§ **EXERCISE REQUIREMENTS**:
Set out exactly, line by line, the stretch of data below that begins at the line containing "Lakefront Property for" and ends at the line containing "Herminio Real López", with both ends kept.

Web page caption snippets
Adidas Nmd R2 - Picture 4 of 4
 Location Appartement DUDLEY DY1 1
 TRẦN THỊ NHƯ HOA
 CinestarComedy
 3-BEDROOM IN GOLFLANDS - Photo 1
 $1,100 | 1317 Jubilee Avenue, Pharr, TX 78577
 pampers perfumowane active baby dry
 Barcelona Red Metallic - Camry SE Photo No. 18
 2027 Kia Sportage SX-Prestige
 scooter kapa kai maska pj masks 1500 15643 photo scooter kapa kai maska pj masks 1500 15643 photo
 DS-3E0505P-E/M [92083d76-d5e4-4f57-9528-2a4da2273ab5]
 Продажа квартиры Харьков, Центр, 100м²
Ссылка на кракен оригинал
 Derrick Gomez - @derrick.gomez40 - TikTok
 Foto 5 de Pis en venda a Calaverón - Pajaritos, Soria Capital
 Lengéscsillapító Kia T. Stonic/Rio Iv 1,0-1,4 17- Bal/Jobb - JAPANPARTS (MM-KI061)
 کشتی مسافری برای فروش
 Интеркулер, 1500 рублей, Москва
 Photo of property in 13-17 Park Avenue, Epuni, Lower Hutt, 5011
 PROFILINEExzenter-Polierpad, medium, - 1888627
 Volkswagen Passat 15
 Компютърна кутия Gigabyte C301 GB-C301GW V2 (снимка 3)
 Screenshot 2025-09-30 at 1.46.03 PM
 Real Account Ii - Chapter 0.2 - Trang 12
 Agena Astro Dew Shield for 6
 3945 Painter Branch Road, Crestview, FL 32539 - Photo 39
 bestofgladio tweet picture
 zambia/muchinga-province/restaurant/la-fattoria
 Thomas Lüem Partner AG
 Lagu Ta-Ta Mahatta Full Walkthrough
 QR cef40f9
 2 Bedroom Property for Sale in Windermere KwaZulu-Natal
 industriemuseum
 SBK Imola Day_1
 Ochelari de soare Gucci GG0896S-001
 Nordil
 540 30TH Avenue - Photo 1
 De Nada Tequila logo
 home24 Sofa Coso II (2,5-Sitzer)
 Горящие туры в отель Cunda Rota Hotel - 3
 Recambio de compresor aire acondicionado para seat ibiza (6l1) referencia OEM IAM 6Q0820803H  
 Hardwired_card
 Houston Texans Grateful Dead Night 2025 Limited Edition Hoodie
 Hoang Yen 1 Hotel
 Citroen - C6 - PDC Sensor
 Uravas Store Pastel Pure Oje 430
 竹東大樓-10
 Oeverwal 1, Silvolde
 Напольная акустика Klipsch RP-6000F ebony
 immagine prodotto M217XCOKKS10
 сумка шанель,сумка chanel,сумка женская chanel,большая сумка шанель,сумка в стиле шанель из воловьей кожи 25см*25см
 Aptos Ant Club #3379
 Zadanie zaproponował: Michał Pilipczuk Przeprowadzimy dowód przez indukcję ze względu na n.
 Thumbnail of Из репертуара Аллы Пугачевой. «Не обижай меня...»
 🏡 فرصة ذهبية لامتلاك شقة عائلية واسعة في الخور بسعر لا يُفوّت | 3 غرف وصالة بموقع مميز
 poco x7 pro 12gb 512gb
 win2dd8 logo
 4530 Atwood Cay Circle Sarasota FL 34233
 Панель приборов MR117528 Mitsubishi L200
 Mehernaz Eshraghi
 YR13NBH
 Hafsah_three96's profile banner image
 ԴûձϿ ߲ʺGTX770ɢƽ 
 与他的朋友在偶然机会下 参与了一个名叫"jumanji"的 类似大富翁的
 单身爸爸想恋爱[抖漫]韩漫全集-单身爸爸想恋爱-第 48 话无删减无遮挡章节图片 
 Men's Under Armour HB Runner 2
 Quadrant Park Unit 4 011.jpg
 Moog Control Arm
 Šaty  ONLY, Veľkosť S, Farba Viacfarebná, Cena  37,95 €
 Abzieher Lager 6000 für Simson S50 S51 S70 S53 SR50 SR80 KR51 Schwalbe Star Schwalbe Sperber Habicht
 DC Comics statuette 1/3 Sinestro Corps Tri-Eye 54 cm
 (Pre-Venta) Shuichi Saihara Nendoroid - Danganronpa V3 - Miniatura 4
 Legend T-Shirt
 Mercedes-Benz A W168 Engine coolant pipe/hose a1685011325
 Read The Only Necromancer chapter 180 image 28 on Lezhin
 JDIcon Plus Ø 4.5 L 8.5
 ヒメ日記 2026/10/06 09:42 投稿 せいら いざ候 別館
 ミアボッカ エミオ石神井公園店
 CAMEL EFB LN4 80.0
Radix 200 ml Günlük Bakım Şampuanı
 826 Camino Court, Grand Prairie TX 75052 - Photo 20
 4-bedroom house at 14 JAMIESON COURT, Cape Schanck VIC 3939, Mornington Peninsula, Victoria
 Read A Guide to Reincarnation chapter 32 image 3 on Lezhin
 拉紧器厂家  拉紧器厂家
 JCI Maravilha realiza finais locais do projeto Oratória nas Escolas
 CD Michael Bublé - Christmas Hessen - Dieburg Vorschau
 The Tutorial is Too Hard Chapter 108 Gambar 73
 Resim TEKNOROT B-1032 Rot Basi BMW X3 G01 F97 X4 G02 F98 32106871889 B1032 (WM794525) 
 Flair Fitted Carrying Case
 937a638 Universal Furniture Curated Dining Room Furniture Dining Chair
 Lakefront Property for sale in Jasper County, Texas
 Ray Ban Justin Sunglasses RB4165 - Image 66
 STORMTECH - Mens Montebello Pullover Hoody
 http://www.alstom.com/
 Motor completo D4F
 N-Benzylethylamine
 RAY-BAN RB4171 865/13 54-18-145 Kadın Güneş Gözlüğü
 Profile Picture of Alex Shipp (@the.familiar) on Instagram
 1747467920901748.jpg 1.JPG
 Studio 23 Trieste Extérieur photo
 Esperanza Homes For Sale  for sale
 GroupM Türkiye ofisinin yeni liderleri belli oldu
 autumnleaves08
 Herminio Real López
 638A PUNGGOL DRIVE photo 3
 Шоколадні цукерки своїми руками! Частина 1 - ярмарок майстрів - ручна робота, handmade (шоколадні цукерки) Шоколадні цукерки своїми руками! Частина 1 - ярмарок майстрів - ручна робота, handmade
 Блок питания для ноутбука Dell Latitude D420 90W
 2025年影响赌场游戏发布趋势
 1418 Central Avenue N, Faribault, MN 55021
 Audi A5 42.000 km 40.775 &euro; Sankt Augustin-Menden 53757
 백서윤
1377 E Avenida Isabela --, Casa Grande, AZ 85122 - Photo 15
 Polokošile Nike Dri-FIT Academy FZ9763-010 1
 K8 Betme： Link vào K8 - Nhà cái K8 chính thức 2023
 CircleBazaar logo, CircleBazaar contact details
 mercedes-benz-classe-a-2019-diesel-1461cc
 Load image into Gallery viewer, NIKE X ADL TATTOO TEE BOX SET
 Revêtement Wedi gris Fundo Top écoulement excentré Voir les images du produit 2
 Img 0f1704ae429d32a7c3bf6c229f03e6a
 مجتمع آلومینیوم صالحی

§ **ANSWER FOR THIS EXERCISE**:
 Lakefront Property for sale in Jasper County, Texas
 Ray Ban Justin Sunglasses RB4165 - Image 66
 STORMTECH - Mens Montebello Pullover Hoody
 http://www.alstom.com/
 Motor completo D4F
 N-Benzylethylamine
 RAY-BAN RB4171 865/13 54-18-145 Kadın Güneş Gözlüğü
 Profile Picture of Alex Shipp (@the.familiar) on Instagram
 1747467920901748.jpg 1.JPG
 Studio 23 Trieste Extérieur photo
 Esperanza Homes For Sale  for sale
 GroupM Türkiye ofisinin yeni liderleri belli oldu
 autumnleaves08
 Herminio Real López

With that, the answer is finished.